Muy diferente era el razonar lógico de Horacio. Podía abordar largas argumentaciones, traía del pasado referencias de escritores, filósofos, escenarios históricos en una genealogía prolífera de lector incansable; más que de lector, diríamos de dialogador incansable con los textos que iba abordando minuciosamente. Pero con todo ese bagaje, elaborado a través de proposiciones parentéticas de una excelente arquitectura, volvía al aquí y ahora para lograr, con esa lupa, que no solo él sino sus interlocutores comprendiéramos mejor los claroscuros de esa circunstancia.
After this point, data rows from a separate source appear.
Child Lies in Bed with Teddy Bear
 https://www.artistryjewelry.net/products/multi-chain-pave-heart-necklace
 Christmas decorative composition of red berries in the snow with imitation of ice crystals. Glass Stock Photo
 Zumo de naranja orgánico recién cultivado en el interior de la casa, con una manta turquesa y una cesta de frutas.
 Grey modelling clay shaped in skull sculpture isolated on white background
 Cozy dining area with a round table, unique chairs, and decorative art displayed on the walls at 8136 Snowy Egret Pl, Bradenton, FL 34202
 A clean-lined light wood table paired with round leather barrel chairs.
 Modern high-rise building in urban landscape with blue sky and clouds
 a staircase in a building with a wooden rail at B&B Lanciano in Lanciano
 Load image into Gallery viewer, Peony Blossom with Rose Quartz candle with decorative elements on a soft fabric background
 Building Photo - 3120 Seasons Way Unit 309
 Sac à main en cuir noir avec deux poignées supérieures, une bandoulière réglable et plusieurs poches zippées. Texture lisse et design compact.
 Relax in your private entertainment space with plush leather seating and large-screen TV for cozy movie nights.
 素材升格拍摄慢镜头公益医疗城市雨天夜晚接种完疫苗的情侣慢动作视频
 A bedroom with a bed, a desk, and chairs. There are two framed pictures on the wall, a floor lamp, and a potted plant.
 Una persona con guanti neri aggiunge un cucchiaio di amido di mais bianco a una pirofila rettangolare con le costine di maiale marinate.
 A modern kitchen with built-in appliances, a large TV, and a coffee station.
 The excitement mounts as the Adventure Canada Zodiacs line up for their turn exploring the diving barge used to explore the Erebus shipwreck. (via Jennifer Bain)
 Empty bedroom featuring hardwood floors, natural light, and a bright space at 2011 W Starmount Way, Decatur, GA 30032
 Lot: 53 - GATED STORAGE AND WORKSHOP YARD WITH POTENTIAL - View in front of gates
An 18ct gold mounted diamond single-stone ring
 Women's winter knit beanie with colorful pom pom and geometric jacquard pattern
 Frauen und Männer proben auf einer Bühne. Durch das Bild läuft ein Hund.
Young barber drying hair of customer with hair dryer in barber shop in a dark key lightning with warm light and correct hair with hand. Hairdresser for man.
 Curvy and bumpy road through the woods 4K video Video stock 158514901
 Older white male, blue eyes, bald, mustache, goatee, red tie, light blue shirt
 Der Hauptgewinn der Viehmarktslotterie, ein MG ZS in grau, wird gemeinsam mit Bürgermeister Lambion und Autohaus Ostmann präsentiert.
Sostenía que el más desconocido quizás fuera el propio lenguaje que hablamos, pero, sin decirlo, se daba el lujo de indagarlo, ponerlo a prueba, jugar, hablar con la verdad sin ufanarse, como cuando en su despedida de la Biblioteca Nacional, mientras una congoja fuerte nos atravesaba por la inminente llegada al Gobierno nacional del macrismo, en un emotivo discurso donde agradecía a Néstor y a Cristina dijo: “Tengo que agradecerle al Gobierno haberlo criticado y no pocas veces”. 

Pero también, en ese mismo discurso de despedida, más allá de referirse al valor de la biblioteca, su densidad, su centralidad en la construcción de un modo de ser la nación, Horacio González dirigió especial agradecimiento a cada uno de los que lo habían acompañado, y se detuvo en los gremios de la biblioteca. Les pidió que cuidasen a los trabajadores, porque se avecinaban tiempos de exclusión. El intelectual que podía discutir a Foucault, aludir a Deleuze, recordar a Cooke, evocar a Macedonio Fernández o mencionar a Engels les aconsejaba, con mucha sencillez, a los trabajadores y las trabajadoras que no olvidaran la comunidad libre que se había constituido en la biblioteca y que pelearan por los puestos de trabajo y por que no se rompiera esa solidaridad.

Vuelo poético impresionante, reflexión política provocativa, ironía y cierto sentido de humor infantil, remisión a genealogías intelectuales a veces insondables, pero nunca el olvido de la lucha social del hoy. Así queda, en la memoria colectiva, la huella del enorme ejemplo de Horacio González.